Re: [PATCH 1/2] sched/uclamp: Add a new sysctl to control RT default boost value

From: Vincent Guittot <vincent.guittot@linaro.org>
Date: 2020-06-09 17:10:57
Also in: linux-fsdevel, lkml

On Mon, 8 Jun 2020 at 14:31, Qais Yousef [off-list ref] wrote:

On 06/04/20 14:14, Vincent Guittot wrote:

[...]

quoted

I have tried your patch and I don't see any difference compared to
previous tests. Let me give you more details of my setup:
I create 3 levels of cgroups and usually run the tests in the 4 levels
(which includes root).
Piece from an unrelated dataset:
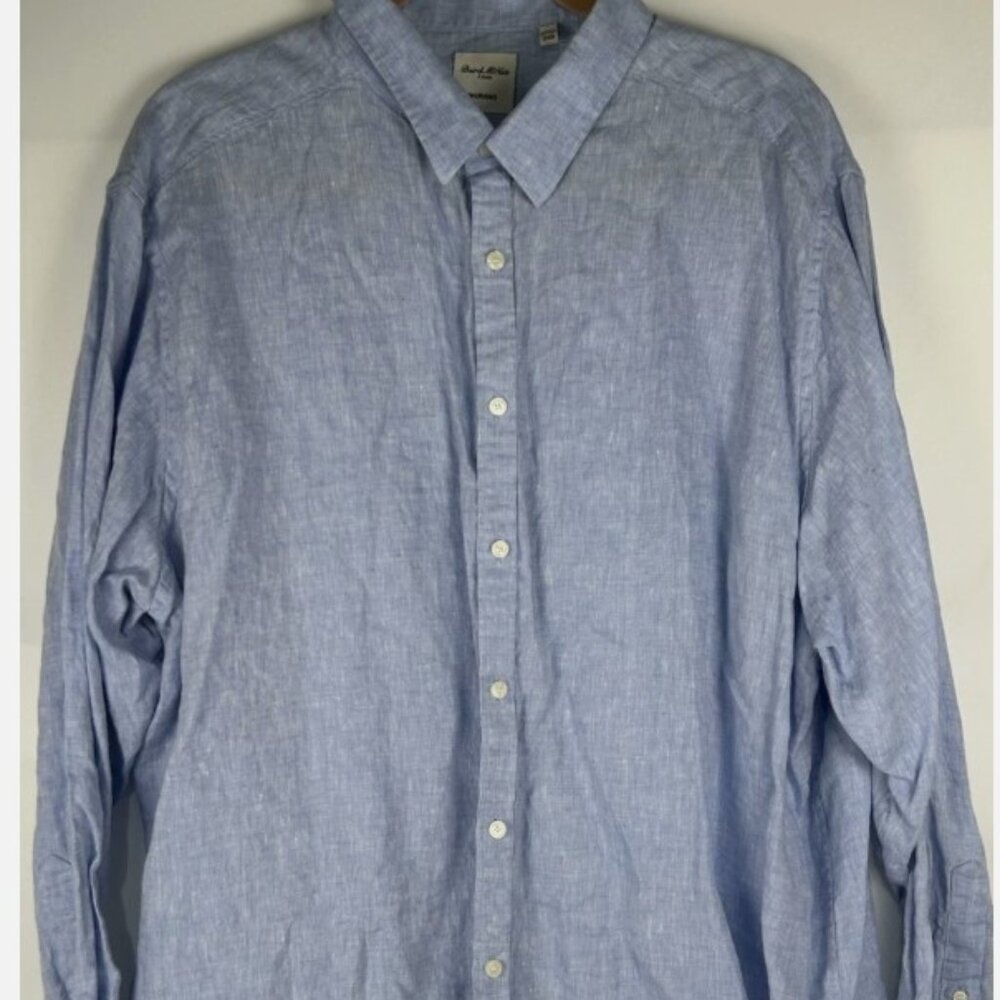 Baird McNutt Murano Blue 100% Linen Long Sleeve Shirt Mens 2XB Button Up Solid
The result above are for the root level

But I see a difference at other levels:

                           root           level 1       level 2       level 3

/w patch uclamp disable     50097         46615         43806         41078
tip uclamp enable           48706(-2.78%) 45583(-2.21%) 42851(-2.18%)
40313(-1.86%)
/w patch uclamp enable      48882(-2.43%) 45774(-1.80%) 43108(-1.59%)
40667(-1.00%)

Whereas tip with uclamp stays around 2% behind tip without uclamp, the
diff of uclamp with your patch tends to decrease when we increase the
number of level

So I did try to dig more into this, but I think it's either not a good
reproducer or what we're observing here is uArch level latencies caused by the
new code that seem to produce a bigger knock on effect than what they really
are.

First, CONFIG_FAIR_GROUP_SCHED is 'expensive', for some definition of
expensive..

yes, enabling CONFIG_FAIR_GROUP_SCHED adds an overhead

*** uclamp disabled/fair group enabled ***

        # Executed 50000 pipe operations between two threads

             Total time: 0.958 [sec]

              19.177100 usecs/op
                  52145 ops/sec

*** uclamp disabled/fair group disabled ***

        # Executed 50000 pipe operations between two threads
             Total time: 0.808 [sec]

             16.176200 usecs/op
                 61819 ops/sec

So there's a 15.6% drop in ops/sec when enabling this option. I think it's good
to look at the absolutely number of usecs/op, Fair group adds around
3 usecs/op.

I dropped FAIR_GROUP_SCHED from my config to eliminate this overhead and focus
on solely on uclamp overhead.

Have you checked that both tests run at the root level ?
Your function-graph log below shows several calls to
update_cfs_group() which means that your trace below has not been made
at root level but most probably at the 3rd level and I wonder if you
used the same setup for running the benchmark above. This could
explain such huge difference because I don't have such difference on
my platform but more around 2%

For uclamp disable/fair group enable/ function graph enable :  47994ops/sec
For uclamp disable/fair group disable/ function graph enable : 49107ops/sec

With uclamp enabled but no fair group I get

*** uclamp enabled/fair group disabled ***

        # Executed 50000 pipe operations between two threads
             Total time: 0.856 [sec]

             17.125740 usecs/op
                 58391 ops/sec

The drop is 5.5% in ops/sec. Or 1 usecs/op.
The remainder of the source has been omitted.